Parsing the options and flags

grass.parser() is an interface to g.parser, and allows to parse the options and flags passed to your script on the command line. It is to be called at the top-level:

if __name__ == "__main__":
    options, flags = grass.parser()
    main()

Global variables "options" and "flags" are Python dictionaries containing the options/flags values, keyed by lower-case option/flag names. The values in "options" are strings, those in "flags" are Python booleans. All those variables have to be previously declared in the header of your script.

>>> options, flags = grass.parser()
>>> options
{'input': 'my_map', 'output': 'map_out', 'option1': '21.472', 'option2': ''}
>>> flags
{'c': True, 'm': False}

Example for embedding r.mapcalc (map algebra)

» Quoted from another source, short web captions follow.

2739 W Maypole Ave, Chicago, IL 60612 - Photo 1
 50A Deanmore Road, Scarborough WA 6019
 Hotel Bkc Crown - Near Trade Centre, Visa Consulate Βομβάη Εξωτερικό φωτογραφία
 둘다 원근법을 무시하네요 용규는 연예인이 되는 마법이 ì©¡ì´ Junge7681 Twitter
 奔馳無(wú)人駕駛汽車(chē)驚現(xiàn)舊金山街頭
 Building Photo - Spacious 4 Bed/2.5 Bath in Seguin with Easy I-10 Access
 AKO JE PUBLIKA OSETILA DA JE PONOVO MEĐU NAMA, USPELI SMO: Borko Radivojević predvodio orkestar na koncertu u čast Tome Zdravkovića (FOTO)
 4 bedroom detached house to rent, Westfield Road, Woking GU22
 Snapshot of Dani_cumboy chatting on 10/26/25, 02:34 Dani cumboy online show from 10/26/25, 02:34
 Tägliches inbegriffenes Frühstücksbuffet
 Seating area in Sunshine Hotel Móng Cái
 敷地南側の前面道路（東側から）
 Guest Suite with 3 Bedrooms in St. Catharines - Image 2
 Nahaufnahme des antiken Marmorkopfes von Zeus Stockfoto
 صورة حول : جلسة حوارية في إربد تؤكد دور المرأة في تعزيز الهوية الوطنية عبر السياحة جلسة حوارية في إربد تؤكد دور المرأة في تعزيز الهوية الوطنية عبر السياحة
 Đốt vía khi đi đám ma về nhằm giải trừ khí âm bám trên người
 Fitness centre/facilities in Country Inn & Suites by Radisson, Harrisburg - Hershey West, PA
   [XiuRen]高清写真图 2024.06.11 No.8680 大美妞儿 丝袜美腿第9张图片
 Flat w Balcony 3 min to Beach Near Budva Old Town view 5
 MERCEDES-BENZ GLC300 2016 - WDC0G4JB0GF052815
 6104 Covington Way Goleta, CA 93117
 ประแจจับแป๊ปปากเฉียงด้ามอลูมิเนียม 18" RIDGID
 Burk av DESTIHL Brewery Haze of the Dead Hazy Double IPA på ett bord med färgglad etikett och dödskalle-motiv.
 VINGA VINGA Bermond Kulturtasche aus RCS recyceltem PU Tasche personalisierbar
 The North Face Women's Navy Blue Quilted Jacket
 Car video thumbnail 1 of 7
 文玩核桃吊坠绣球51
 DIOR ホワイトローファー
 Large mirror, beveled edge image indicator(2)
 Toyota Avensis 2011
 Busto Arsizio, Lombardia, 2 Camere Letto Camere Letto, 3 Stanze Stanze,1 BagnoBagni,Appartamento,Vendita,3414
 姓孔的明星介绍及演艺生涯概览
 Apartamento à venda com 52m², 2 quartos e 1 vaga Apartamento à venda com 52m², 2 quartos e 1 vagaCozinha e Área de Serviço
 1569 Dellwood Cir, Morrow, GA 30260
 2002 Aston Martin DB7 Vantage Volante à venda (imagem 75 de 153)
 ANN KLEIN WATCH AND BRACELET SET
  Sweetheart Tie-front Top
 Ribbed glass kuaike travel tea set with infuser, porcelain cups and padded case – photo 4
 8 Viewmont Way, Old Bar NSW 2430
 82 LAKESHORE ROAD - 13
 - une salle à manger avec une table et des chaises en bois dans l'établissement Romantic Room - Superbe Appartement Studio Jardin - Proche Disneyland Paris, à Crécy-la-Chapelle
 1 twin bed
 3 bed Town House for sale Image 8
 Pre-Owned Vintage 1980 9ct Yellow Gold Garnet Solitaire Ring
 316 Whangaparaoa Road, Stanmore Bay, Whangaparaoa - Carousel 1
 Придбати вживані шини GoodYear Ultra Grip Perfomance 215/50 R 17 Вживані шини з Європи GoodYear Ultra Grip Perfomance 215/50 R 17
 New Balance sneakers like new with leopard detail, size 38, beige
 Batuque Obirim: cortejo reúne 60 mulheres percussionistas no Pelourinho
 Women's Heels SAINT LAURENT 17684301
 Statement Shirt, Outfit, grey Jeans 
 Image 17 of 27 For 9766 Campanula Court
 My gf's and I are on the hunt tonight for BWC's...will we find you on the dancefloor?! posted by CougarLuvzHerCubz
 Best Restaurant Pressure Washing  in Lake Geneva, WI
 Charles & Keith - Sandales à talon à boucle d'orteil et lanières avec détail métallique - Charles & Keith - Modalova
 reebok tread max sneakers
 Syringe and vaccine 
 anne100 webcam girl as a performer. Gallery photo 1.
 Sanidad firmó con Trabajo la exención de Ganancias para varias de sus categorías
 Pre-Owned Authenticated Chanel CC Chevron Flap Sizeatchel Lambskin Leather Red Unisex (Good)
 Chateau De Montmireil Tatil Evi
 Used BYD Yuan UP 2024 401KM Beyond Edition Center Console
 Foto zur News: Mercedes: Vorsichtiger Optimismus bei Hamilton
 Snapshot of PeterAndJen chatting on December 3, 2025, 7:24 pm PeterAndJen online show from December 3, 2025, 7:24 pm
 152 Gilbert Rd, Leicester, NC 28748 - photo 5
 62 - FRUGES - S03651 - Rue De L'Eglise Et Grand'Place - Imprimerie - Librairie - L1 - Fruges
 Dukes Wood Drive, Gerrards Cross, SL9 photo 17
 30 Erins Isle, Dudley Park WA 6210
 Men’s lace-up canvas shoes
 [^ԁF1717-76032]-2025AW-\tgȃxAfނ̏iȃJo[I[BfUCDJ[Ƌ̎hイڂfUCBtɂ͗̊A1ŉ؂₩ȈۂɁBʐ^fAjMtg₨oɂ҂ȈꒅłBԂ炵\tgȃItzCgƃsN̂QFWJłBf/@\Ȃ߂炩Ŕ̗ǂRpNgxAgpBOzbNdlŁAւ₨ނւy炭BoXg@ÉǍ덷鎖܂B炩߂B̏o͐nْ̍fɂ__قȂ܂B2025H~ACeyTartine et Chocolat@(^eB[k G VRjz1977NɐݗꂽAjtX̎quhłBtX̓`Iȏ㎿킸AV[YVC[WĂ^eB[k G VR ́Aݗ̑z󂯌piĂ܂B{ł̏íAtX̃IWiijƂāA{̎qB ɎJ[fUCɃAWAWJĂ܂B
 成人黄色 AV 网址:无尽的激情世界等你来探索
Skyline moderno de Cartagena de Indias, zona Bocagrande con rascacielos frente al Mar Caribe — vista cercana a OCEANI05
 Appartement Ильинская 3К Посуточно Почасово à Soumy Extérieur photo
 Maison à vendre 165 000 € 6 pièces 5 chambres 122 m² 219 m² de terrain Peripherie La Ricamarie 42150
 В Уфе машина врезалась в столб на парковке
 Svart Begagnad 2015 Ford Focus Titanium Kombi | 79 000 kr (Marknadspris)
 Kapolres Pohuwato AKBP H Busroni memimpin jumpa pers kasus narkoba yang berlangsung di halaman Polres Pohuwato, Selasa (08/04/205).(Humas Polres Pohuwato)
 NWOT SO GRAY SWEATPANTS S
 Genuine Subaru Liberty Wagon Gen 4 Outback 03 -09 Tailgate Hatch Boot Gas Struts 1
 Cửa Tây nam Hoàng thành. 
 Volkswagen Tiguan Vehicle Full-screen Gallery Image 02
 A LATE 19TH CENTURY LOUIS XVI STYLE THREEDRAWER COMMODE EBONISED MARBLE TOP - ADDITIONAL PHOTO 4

grass.mapcalc() accepts a template string followed by keyword arguments for the substitutions, e.g. (code snippets):

grass.mapcalc("${out} = ${rast1} + ${rast2}",
              out = options['output'],
              rast1 = options['raster1'],
              rast2 = options['raster2'])

Best practice: first copy all of the options[] into separate variables at the beginning of main(), i.e.:

def main():
    output = options['output']
    raster1 = options['raster1']
    raster2 = options['raster2']
 
    ...
 
    grass.mapcalc("${out} = ${rast1} + ${rast2}",
                  out = output,
                  rast1 = raster1,
                  rast2 = raster2)

Example for parsing raster category labels

How to obtain the text labels

    # dump cats to file to avoid "too many argument" problem:
    p = grass.pipe_command('r.category', map = rastertmp, fs = ';', quiet = True)
    cats = []
    for line in p.stdout:
        cats.append(line.rstrip('\r\n').split(';')[0])
    p.wait()

    number = len(cats)
    if number < 1:
        grass.fatal(_("No categories found in raster map"))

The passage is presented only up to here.